*** Opening Data ***
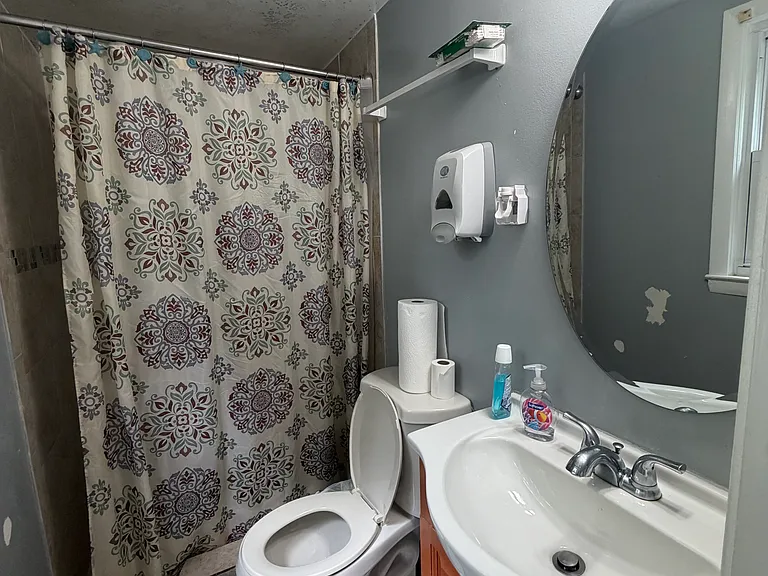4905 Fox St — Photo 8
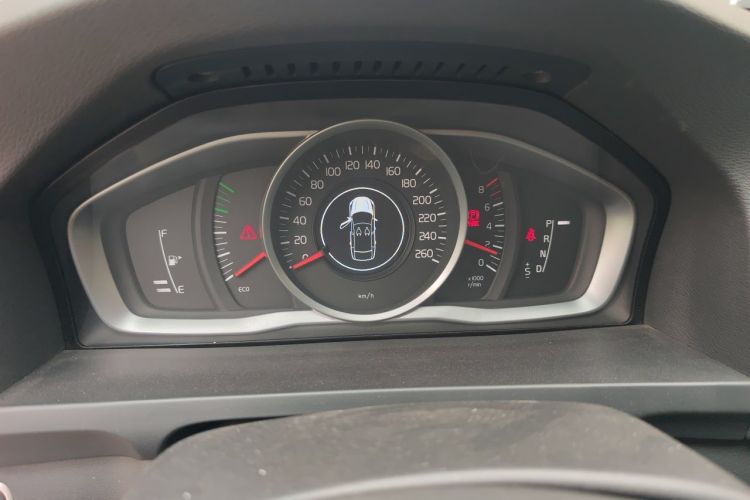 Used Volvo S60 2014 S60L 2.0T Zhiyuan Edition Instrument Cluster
*** Closing Data ***
*** Opening Data ***
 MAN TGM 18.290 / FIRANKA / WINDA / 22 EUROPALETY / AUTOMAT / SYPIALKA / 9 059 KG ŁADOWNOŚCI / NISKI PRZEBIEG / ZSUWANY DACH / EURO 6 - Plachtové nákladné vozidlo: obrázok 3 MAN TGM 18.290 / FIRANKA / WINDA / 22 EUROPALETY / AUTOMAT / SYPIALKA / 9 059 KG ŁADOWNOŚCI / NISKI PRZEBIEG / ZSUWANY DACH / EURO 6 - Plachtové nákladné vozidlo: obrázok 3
*** Closing Data ***
What you need to do >> All that should be printed is the run of lines above from the one with "4905 Fox St — Photo 8" through the one with "Used Volvo S60", both included, exactly as given, with pictures left out.

Answer section >>
4905 Fox St — Photo 8
 Used Volvo S60 2014 S60L 2.0T Zhiyuan Edition Instrument Cluster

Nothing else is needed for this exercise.